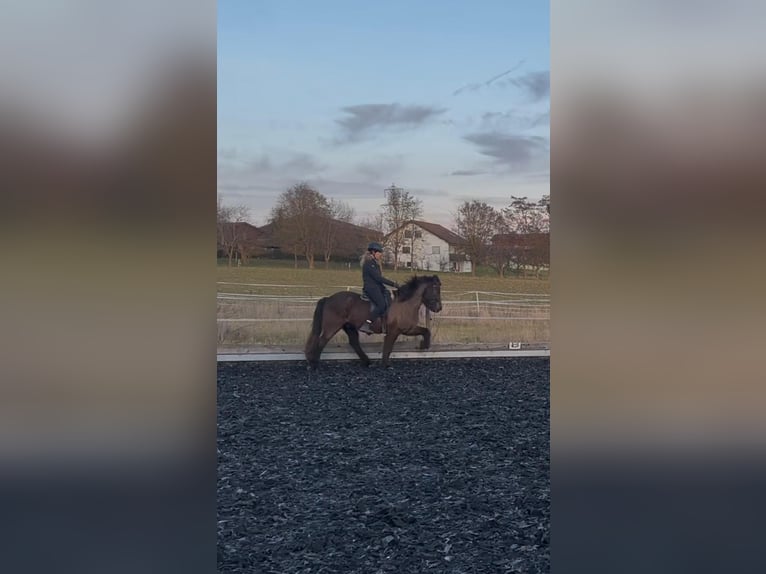 Icelandic Horse Gelding 13 years 14,2 hh Black in Holzgerlingen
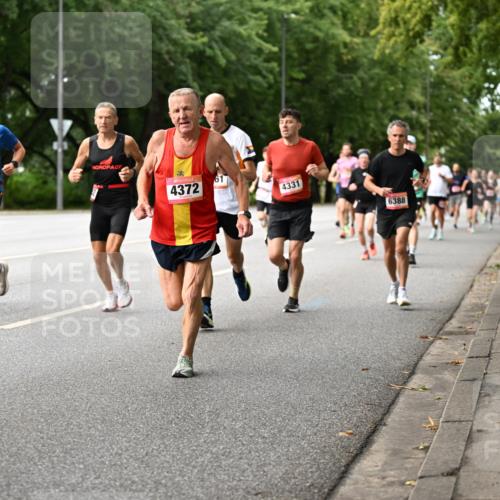 06.09.2026 - CURREX Alsterlauf Dr. Thomas Lammeyer http://msf.ph/oto/10114009 06.09.2026 09:06:34 Laufen 63, 4372, 61, 4331, 6388 meine-sportfotos.de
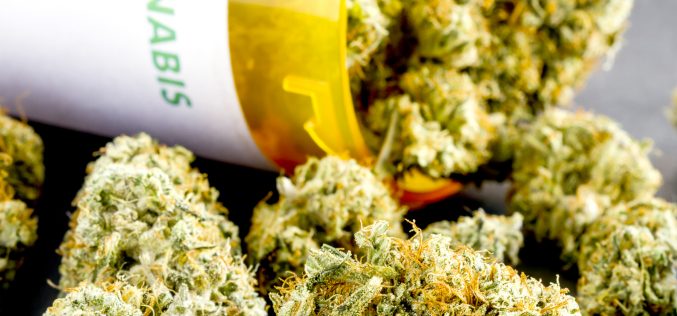 Issue 7 Arkansas Medical Cannabis Act Struck Down
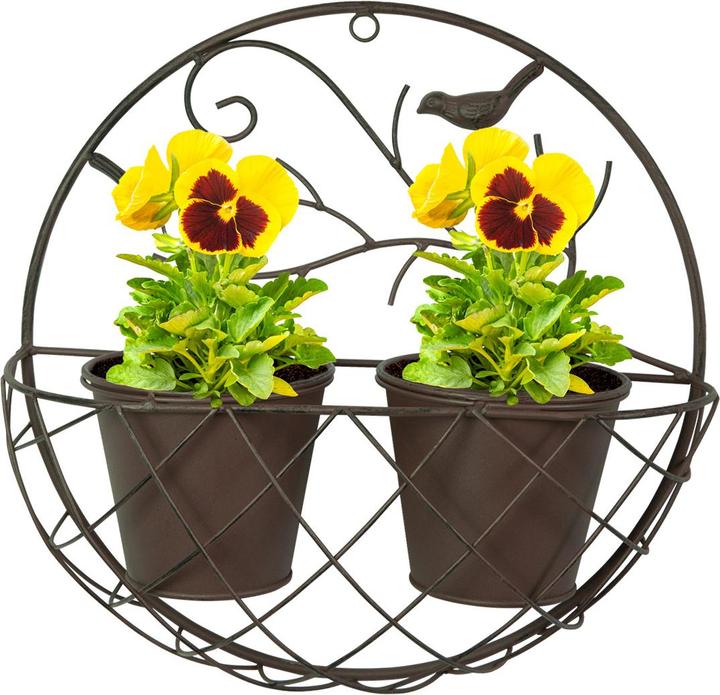 Image du produit Casativo Support mural pour pots de fleurs en métal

▶ _Problem to solve_
Do not include the images; transcribe the rest of the listing exactly.

▶ _Written solution_
 Icelandic Horse Gelding 13 years 14,2 hh Black in Holzgerlingen
 06.09.2026 - CURREX Alsterlauf Dr. Thomas Lammeyer http://msf.ph/oto/10114009 06.09.2026 09:06:34 Laufen 63, 4372, 61, 4331, 6388 meine-sportfotos.de
 Issue 7 Arkansas Medical Cannabis Act Struck Down
 Image du produit Casativo Support mural pour pots de fleurs en métal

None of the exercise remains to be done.